Told in vignettes--both stomach achingly funny and cry-in-a-fetal-position sad--over the course of Joanne's final year, we see David find an imperfect harmony in his relationship with his mother, as well as with his homophobic father (Bradley Whitford) and two younger sisters (played by Maude Apatow and Madisen Beaty).
The story is rounded out by scene-stealing performances from the always brilliant comedian/actor John Early, who plays David's childhood friend Gabe. But the real surprise is Gabe's younger adopted brother, Justin, played with supernatural fierceness and presence by 15-year-old J.J. Totah.
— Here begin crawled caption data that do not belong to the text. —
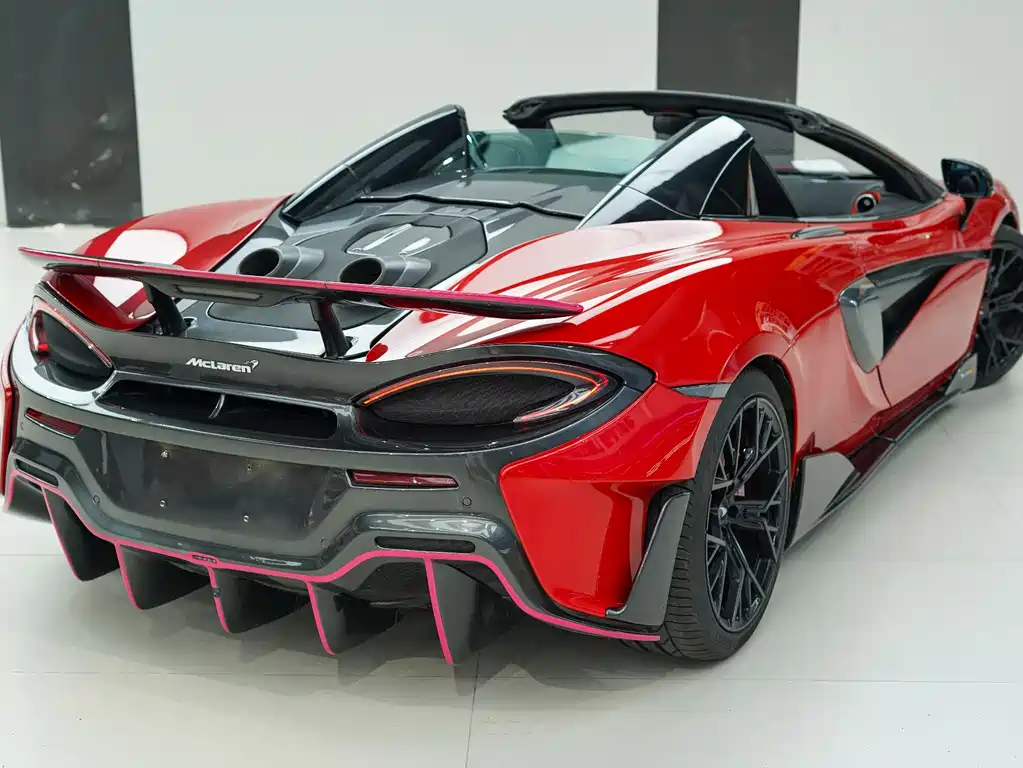McLaren 600LT 2019 3.8T Spider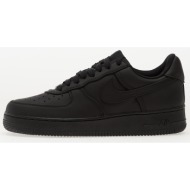  nike air force 1 low retro prm black/ black-white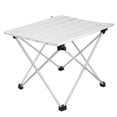 thumbnail image 1 of Herwey Table Pliable, Table en Alliage d'Aluminium Bureau Pliable Table de Camping Extérieur, 1 of 8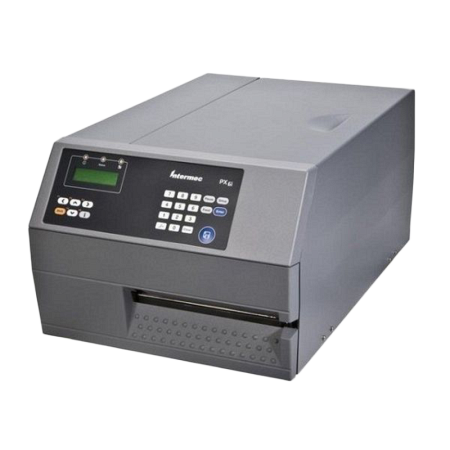 Термотрансферный принтер Intermec PX6i (203dpi, RS-232, LPT, USB, USB Host, 802.11 b/g, отделитель)	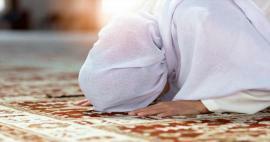 Be om förlåtelse och böner i månaden Rajab! Vad är förtjänsten med Rajab? Tillbedjan av månaden Rajab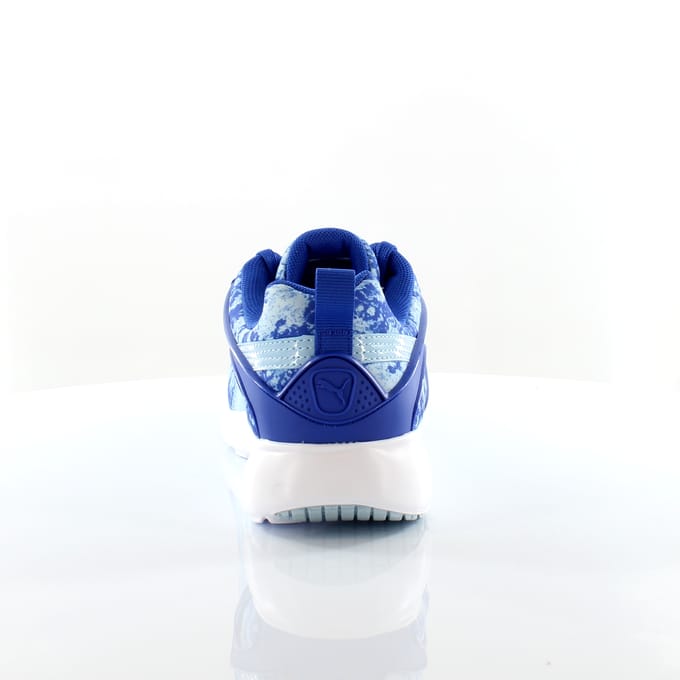 Puma Aril Blaze Variation Blauw Textiel Damestrainers 360335 01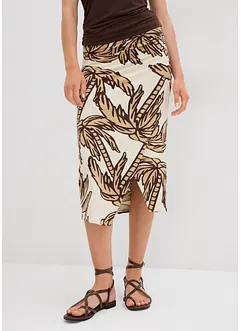 Jupe en jersey viscose extensible, bonprix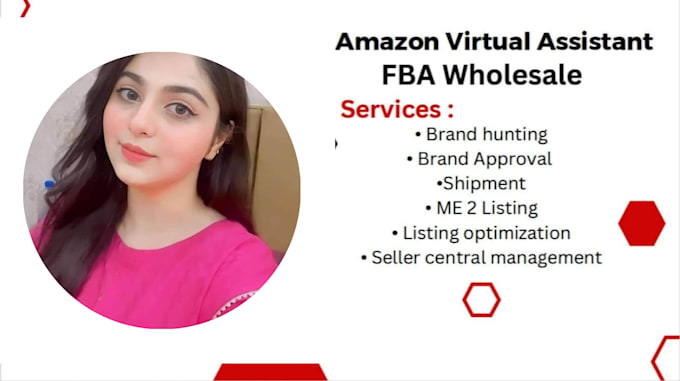 Gig Preview - Be your expert amazon fba wholesale virtual assistant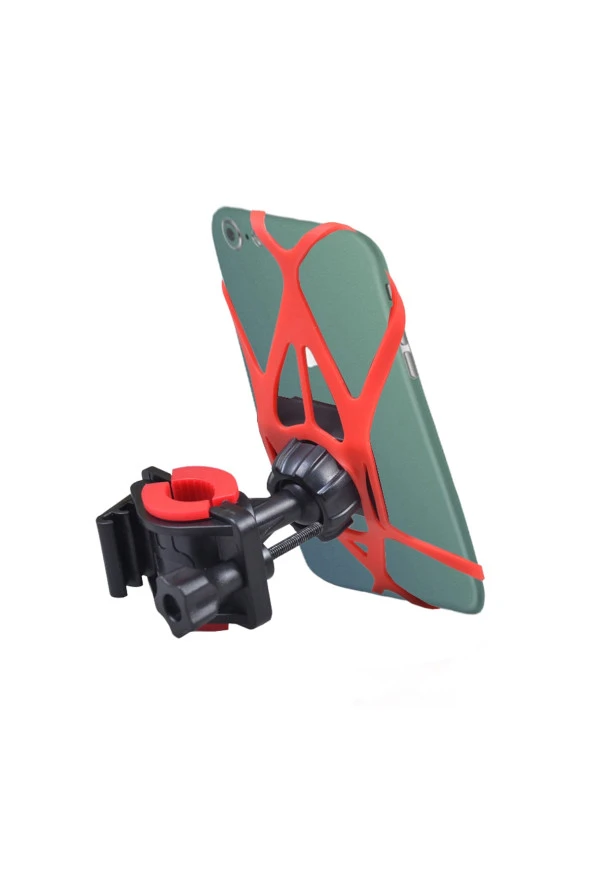 Powertec Üniversal Vespa - Piaggio Uyumlu Ayna Bağlantılı Telefon Tutucu Mıknatıslı - 2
Totah, who first came to prominence in roles on the Disney Channel's Jessie, Liv & Maddie and the final season of Glee, completely takes his limited screen time and makes it something unfathomably extra. From his introduction, where he gloriously informs David to excuse the mess in his bedroom because he and his dad are in the middle of a "redec" and installing Carrara marble...
...to his iconic performance at his dad's 60th birthday, under the moniker "Justin Carrara" (naturally!), where he has TWO wig changes and twerks in gold sequin shorts, Totah runs away with the film.
His character's quirks have some real life origin, as Totah tells me: "When I was auditioning, my family was redecorating our house with Carrara marble, and I was just obsessed with it."
And Kelly's script allows this beautiful, seemingly non sequitur pop performance to exist as its own fleeting movie.
"The whole movie is through David's eyes, going through the ups and downs," Totah says. "There's even a part when his younger sister tells him he never asks about other people, and how they're doing. I think the Justin performance was a way for David to glimpse into another person's life. To see the world through someone else's eyes, even for just a few minutes."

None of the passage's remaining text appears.